L’amore verso Cristo la spinse a svolgere una feconda opera di apostolato tra le ragazze che frequentavano il suo laboratorio di sartoria e tra quelle che vedeva in pericolo morale: le avvicinava, le consigliava, le esortava ad aderire alla volontà di Dio. Richiamava i peccatori sulla retta via e offriva al Signore sacrifici per la loro conversione. Si dedicò con particolare abnegazione all’assistenza del suocero malato, all’accoglienza dei pellegrini e dei poveri, alla visita degli infermi. Fomentò la pace attorno a sé e con tatto ed umiltà riuscì a comporre molte liti, riportando la concordia là dove c’erano stati dissidi. Persone di ogni dignità e condizione sociale, avendone constatata la non comune prudenza, la consideravano un’autentica maestra di spirito.  

Figlia spirituale di San Francesco d’Assisi, fu povera, semplice, temperante, modesta. Praticò esemplarmente la giustizia verso Dio, verso la famiglia e il prossimo. Per i suoi lavori chiedeva sempre una ricompensa equa. Sopportò con serenità e fortezza d’animo l’infermità che la colpì nel novembre 1931 e che segnò il periodo finale della vita terrena. Morì l’8 gennaio dell’anno successivo e le sue ultime parole furono una professione d’amore verso Dio a cui aveva dedicato tutta l’esistenza, dicendo: “Mio Dio, vi amo sopra ogni cosa”.

In virtù della fama di santità, il Vescovo di Padova ha iniziato la Causa di bea-tificazione e canonizzazione con la celebrazione del Processo Cognizionale negli anni 1975-1977. La validità giuridica di tale Processo fu riconosciuta dalla Congregazione delle Cause dei Santi con decreto del 27 gennaio 1995. Preparata la Positio, si è discusso, secondo la procedura solita, se la Serva di Dio abbia esercitato in grado eroico le virtù.

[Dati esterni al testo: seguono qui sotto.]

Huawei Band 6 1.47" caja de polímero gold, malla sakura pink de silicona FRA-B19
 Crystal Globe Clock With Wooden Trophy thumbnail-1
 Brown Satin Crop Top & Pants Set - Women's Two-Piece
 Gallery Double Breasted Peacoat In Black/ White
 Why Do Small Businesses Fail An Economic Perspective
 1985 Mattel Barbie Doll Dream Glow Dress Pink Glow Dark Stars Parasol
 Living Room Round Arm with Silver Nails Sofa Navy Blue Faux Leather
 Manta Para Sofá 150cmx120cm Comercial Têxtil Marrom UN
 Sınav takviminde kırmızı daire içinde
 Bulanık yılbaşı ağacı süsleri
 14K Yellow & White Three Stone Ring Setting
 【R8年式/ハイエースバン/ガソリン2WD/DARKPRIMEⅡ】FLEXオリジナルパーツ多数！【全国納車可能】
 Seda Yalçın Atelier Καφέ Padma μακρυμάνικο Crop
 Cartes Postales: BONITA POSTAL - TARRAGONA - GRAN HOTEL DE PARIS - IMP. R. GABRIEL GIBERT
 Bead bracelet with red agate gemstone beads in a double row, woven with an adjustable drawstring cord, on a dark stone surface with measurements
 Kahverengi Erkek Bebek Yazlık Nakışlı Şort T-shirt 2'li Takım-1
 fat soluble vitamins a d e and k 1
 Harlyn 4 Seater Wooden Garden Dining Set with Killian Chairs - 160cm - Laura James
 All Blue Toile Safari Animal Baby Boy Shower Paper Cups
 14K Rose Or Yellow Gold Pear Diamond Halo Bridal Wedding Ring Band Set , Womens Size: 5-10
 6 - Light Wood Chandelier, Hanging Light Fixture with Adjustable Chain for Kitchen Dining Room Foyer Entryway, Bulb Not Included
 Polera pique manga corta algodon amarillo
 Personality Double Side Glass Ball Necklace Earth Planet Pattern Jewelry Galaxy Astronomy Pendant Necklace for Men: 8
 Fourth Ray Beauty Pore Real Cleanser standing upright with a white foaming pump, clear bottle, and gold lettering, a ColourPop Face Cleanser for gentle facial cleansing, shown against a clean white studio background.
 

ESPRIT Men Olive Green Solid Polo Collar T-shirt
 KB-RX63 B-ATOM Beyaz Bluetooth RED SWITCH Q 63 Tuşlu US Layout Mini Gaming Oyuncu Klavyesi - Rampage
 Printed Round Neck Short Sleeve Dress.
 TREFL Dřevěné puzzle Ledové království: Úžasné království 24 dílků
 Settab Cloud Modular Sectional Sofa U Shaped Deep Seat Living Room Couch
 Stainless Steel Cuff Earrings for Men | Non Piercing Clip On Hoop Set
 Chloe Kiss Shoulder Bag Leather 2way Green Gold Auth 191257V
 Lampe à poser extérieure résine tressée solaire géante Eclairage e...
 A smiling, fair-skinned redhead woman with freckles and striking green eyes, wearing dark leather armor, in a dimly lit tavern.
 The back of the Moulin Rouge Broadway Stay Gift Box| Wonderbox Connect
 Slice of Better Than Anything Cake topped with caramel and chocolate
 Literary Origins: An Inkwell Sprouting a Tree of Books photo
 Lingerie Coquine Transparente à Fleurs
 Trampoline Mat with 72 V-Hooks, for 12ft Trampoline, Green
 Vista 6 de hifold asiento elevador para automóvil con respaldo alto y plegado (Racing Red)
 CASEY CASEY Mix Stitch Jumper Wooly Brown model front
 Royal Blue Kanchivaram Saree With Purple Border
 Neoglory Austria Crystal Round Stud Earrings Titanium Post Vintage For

Con esito positivo, l’11 marzo 2003, si è tenuto il Congresso Peculiare dei Consultori Teologi. I Padri Cardinali e Vescovi nella Sessione Ordinaria del 7 maggio successivo, sentita la relazione del ponente della Causa, l’Ecc.mo Mons. Luigi Dossena, Arcivescovo titolare di Carpi, hanno riconosciuto che la Serva di Dio ha esercitato in grado eroico le virtù teologali, cardinali ed annesse.